Perfect Credit Score Not Estimator Of True Wealth

It looks like Fair Isaac is reacting to this recent lending debacle by improving on its formula for creating the almighty FICO score.  Habitual late-payers will see their credit score more heavily penalized, while those of us with the occasional 1-30 day late payment will be spared a few points to the negative.  Of course all this reprogramming isn’t being done for your benefit; it is for the benefit of lenders whose bottom lines were eaten alive by sub-prime customers.

Changes to FICO Calculation

What do the changes mean for you? Unless you plan to run out and acquire new debt, probably not much.  The changes do emphasize the need to implement your debt snowball plan and start paying things off quickly.  Those with higher credit limit utilization (balance to credit limit ratio) will be hit harder in the FICO 08 scoring model, so it pays to drive those high balances down lower.

No more piggyback rides allowed.
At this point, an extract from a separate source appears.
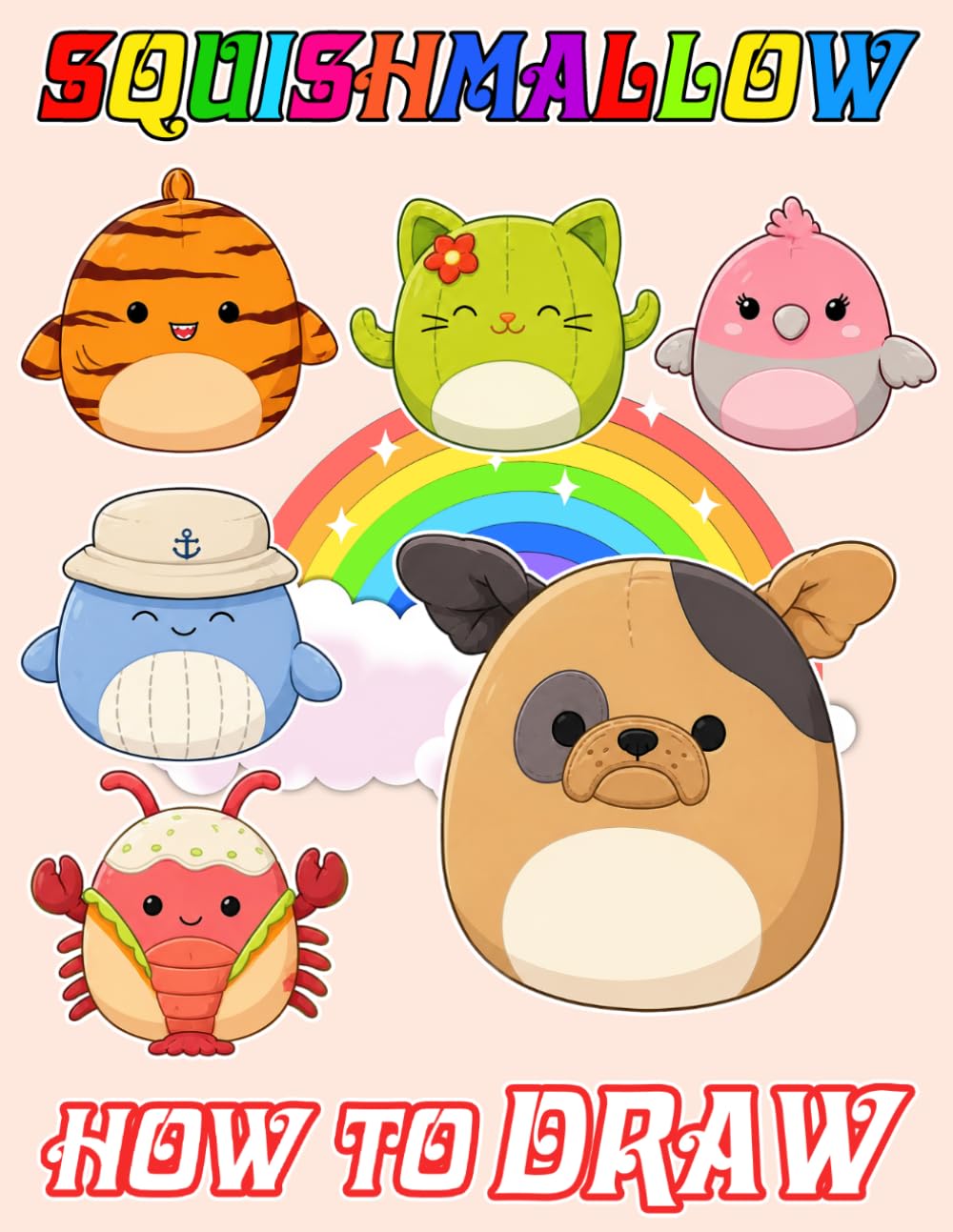 How To Draw Squish-mallow's: Hata G.Meiji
This may be one of the only positives out of the new FICO changes.  Previously, people listed as “authorized users” still got benefits of having a good credit line, even though they were not financially responsible for the account. 

Many of those late-night credit repair crooks used this technique to improve scores.  They would pay a person with good credit to add someone with lousy credit as an authorized user (of course, Lousy never got a card or the number).  By virtue of being paired up with Mr. Credit Pimp and his perfect credit score, Lousy saw her credit score increase.  Under the new model only an account’s applicant or co-applicant will have their credit score impacted by account activity.
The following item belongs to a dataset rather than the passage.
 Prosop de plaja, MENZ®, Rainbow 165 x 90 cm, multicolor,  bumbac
Perfect Credit Score Does Not Guarantee Financial Stability

FICO has really dumbed down the financial industry. I guess in some ways FICO has helped to prevent discriminatory lending practices (after all, it’s just a number, not a sex, race, or age).  However, the negatives far outweigh the positives in my opinion. 

Banks used to consider how long someone was on the job, or whether or not they paid their landlord on time, when considering lending money.  An employer would use interviews and a firm-handshake-test to determine if someone was trustworthy.  I remember when I worked in a new credit department of a large financial firm the only things that mattered on an application where FICO and income.

These days we look down on people with poor credit scores and exalt those with a perfect credit score in the 800′s. Can you imagine the personals in only a few years?  Male 6’3″/220lbs/760 FICO seeking Female in the 720-760 range.

Wanna see how you measure up? Check out MyFICO.com to check your current credit score.

Comments

  1. I was reading an article on this earlier – I’m glad you wrote more about it because I haven’t had a chance to do much research on it. The article I read was somewhat vague – your article made it a lot clearer what was going on and how it will affect me. I still am not sure what I think about it, though. :)

  2. FrugalDad, wanted to make sure your readers knew that the FICO 08 model, which was going to remove authorized user impact, was switched before introduction so that authorized users can still get their scores impacted. Fair Isaac says they have a way to spot the “late night credit repair” folks methods, but they haven’t offered details on how this going to work.

    While FICO isn’t perfect, it was never intended to be a one score for all decisions score. This mortgage mess was caused, in part, by mortgage companies ignoring income and other important qualifications, and awarding loans on FICO alone. The score wasn’t designed for that. It was meant to, and does a better job of, evaluating credit reports than humans do. Human error tends to lead to more bad decisions. But again, I agree with you that numerous factors should be evaluated.